Richard R. Schultz, associate professor and chair of the University of
North Dakota Department of Electrical Engineering, says good engineering
education doesn't have to be all classroom, textbook grind.
Schultz, who recently was awarded a three-year, $457,985 Defense EPSCoR
(Experimtental Program to Stimulate Competitive Research) grant entitled
"Real-Time Super-Resolution Automatic Target Recognition of Unmanned
Aerial Vehicle-Based Reconnaissance and Surveillance Imagery," says
there's a place for tradition in the engineering curriculum-but
increasingly complex technologies also demand that students be
encouraged to learn engineering concepts in new ways.
In the following Q&A with Office of University Relations writer Juan
Miguel Pedraza, Schultz, who has served on UND's graduate faculty
committee and has been involved with the university's entrepreneurship
education efforts, briefly talks about an upcoming controls engineering
class that's set to break -- or at the very least update -- the
standard engineering teaching model for a course that is very math
intensive.
Q. What sets the engineering discipline apart from, say, history or
English?
A. We're typically pretty rigid in engineering when it comes to
lecturing and exams, and our classes are not generally
discussion-oriented.
Q. You and School of Engineering & Mines Dean John Watson, who wants to
see undergraduate engineering students do a lot more hands-on training
early in their education, are traveling a new path in engineering- maybe
not quite the way of history or English-but revolutionary as far as
engineering students go. What's this all about?

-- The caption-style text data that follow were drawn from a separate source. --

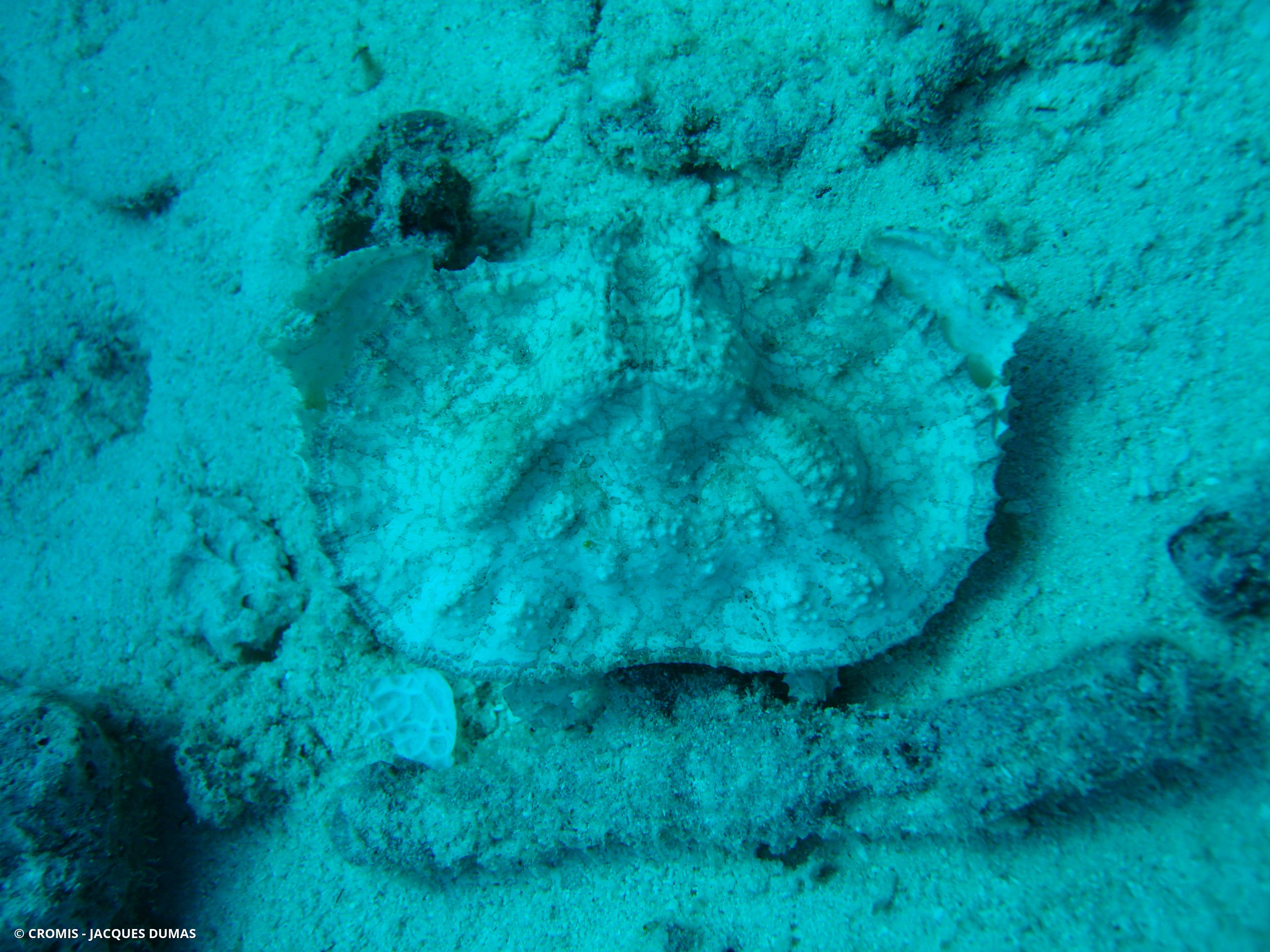 Aethra scruposa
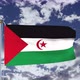 Western Sahara Flag Waving 4k - VideoHive Item for Sale
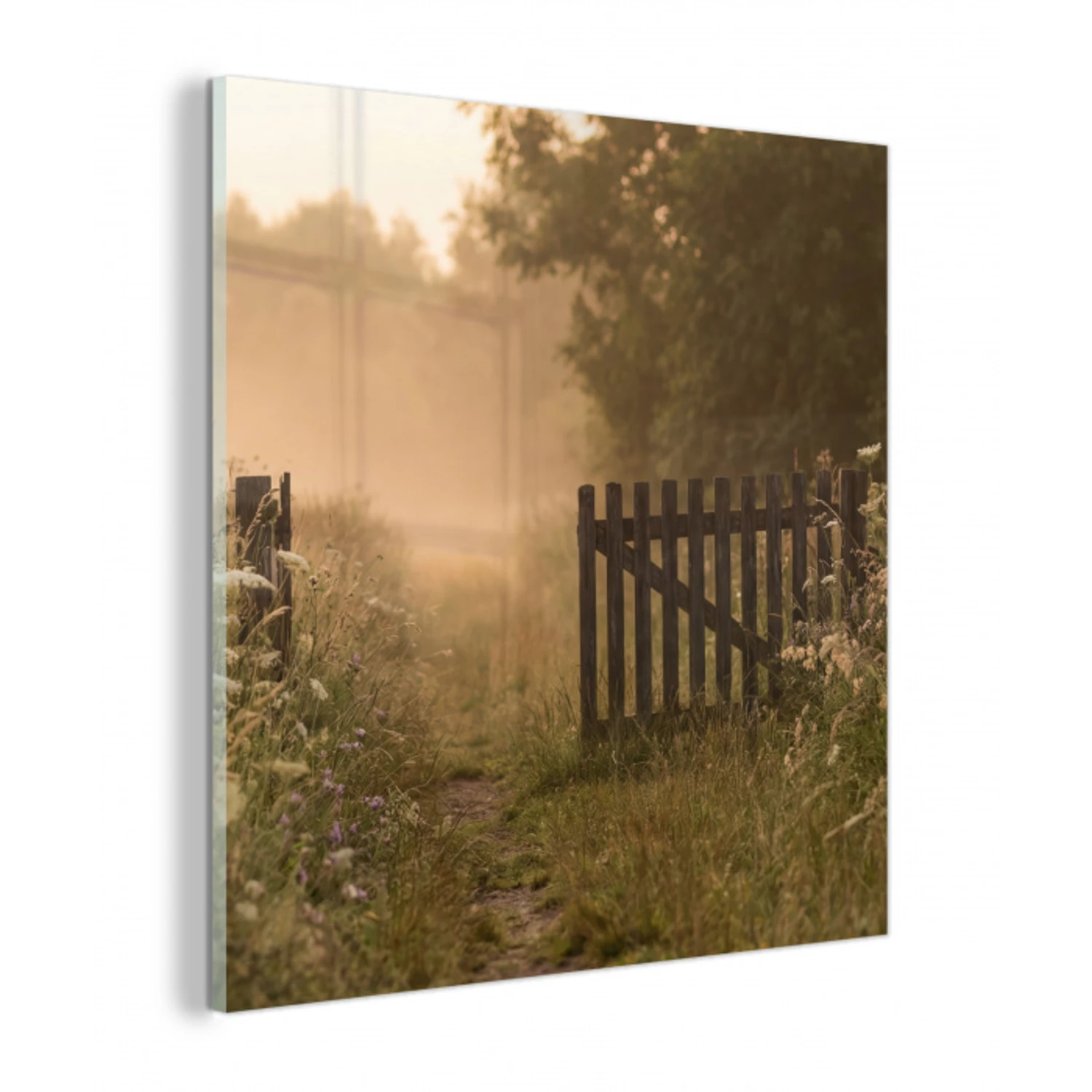 Hek - Natuur - Mist - Veld plexiglas 5mm klein -z3d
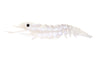 Nomad Design Sumo Shrimp Unrigged 5" - 2 pack - Live Ops - White Glow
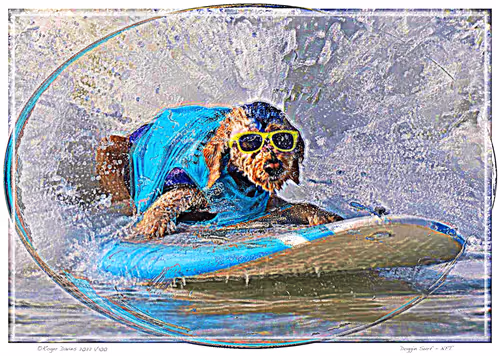 Item #11017776651197561377596972513232318538951070019919471549436519155622219874305 Media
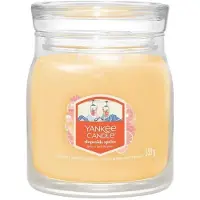 Yankee candle Slopeside Spritz bougie parfumée Signature 368 g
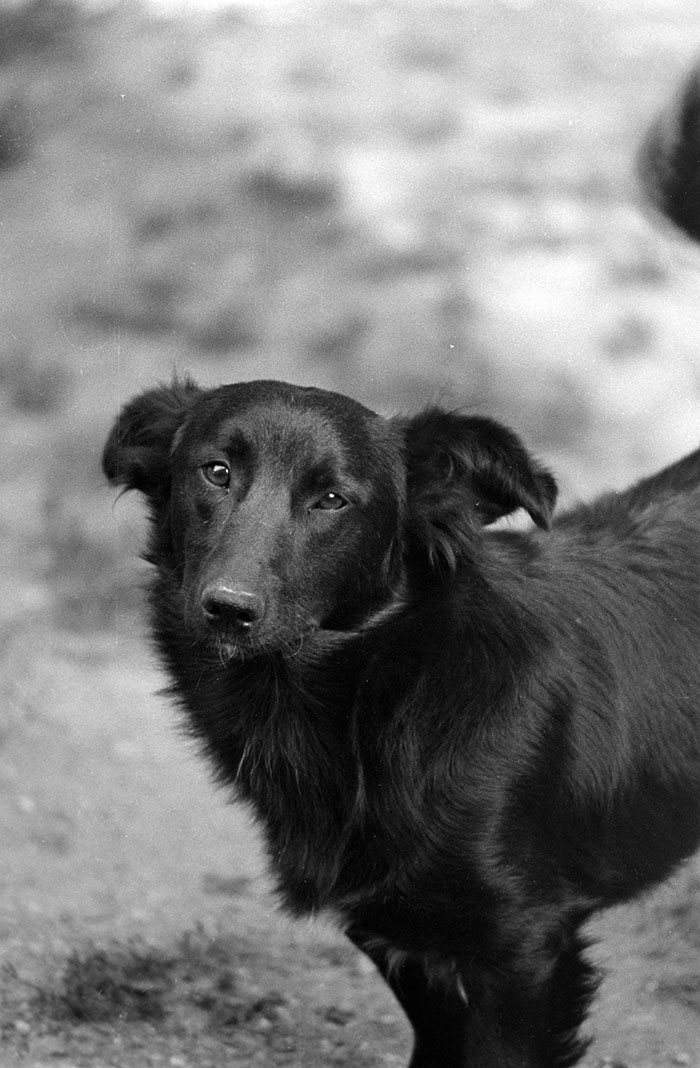 minerva_1988_industrie_c5r12_008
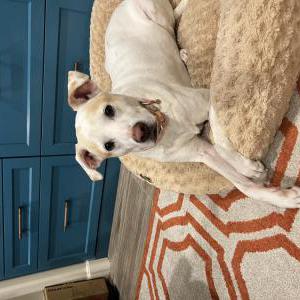 Found Dog Don’t know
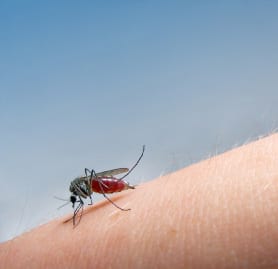wat-helpt-niet-tegen-muggen
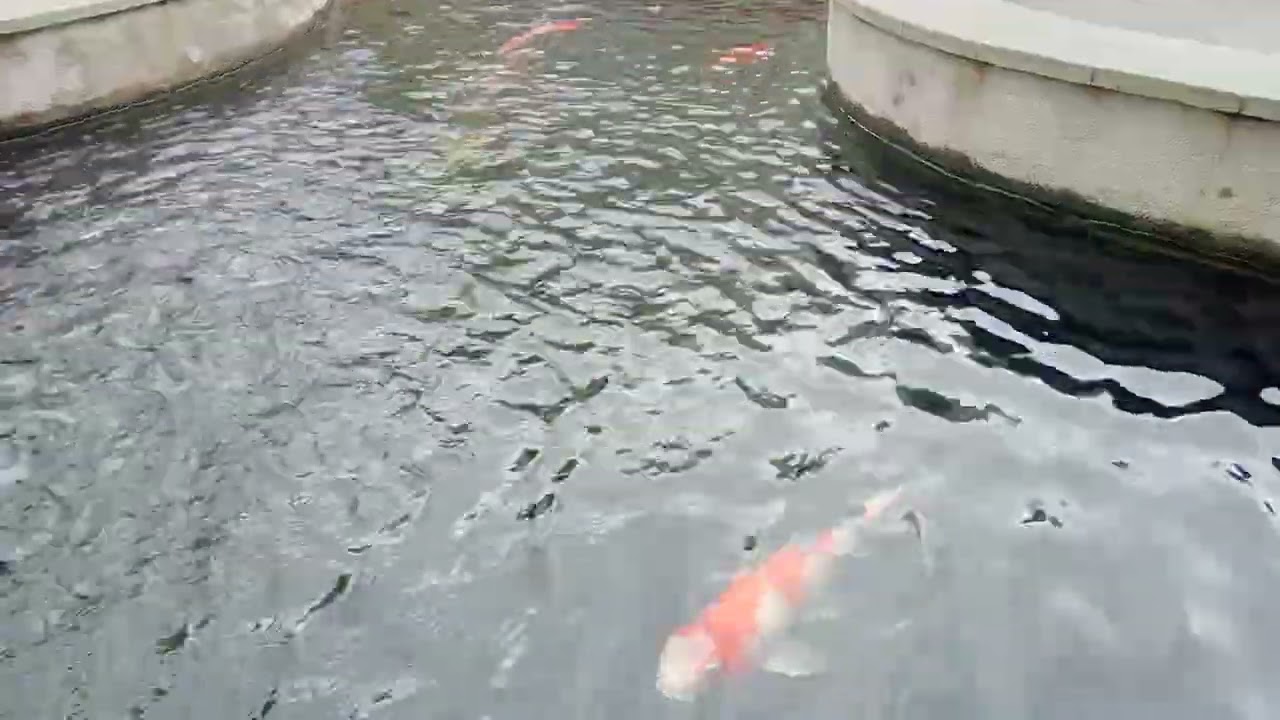Ikan Koi Ikan Hias Kolam Summaba #ikanhias #ikankoi #koifish #koi #fish #ikankoidikolam #shortvideo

A. We need to help students learn more real-world problem-solving. We
can't do that with textbooks and lectures alone.
Q. So what is your recipe to address this challenge?
A. I'm teaching an advanced controls class this fall-(Electrical
Engineering) EE 505 Control Systems II-without a textbook. It'll be an
elective for seniors and graduate students who've already taken EE 405
Control Systems I, which is a requirement in UND's B.S. electrical
engineering curriculum. Incidentally, Control Systems I is taught in a
very conventional manner using lectures and exams, because it provides
the fundamental theory for more practical problem-solving related to
industrial controls and robotics.
(Editor's Note: In control systems courses, students learn about
electrical and/or electronic technology in a broad array of applications
such as automotive cruise control, airplane autopilot systems, barcode
readers, elevator controls, air conditioning and heating thermostats,
and robotics.)
Q. If you're not going to use a textbook, what are you planning to
do?
A. Students in this class will be prompted to Google the Net in search
of answers to questions and problems posed in class. There'll be lots
of discussion about key R&D papers that describe working control systems
designed and built by students at other universities, such as unmanned
ground vehicles and aerial robotic helicopters.
Q. What drove you to try this innovative, nontraditional approach in an
advanced engineering course?
A. I got inspired to do this partly after spending a week in June at
the Babson-Olin Symposium for Engineering Entrepreneurship Educators
with entrepreneurship guru Jeff Timmons of Babson College.
Timmons claims that within 10 years, virtually all knowledge will be on
the Web. Maybe we should just use that resource rather than fight it.
A key example of not-by-the-book instruction is the Defense Advanced
Research Projects Agency (DARPA) Grand Challenge.
DARPA, the central research and development organization for the
Department of Defense (DoD), created the challenge in response to a
Congressional and DoD mandate to accelerate research and development in
autonomous ground vehicles that will help save American lives on the
battlefield. The Grand Challenge brings together academia, government,
and industry in the pursuit of solving one of the most daunting
technological challenges facing society today.
This project most certainly isn't just about classroom lecturing.
Q. What is the DARPA Grand Challenge?
A. This was a high-profile contest to design, build, and operate an
unmanned ground vehicle capable of autonomously navigating difficult
terrain that resulted in major advances in artificial intelligence.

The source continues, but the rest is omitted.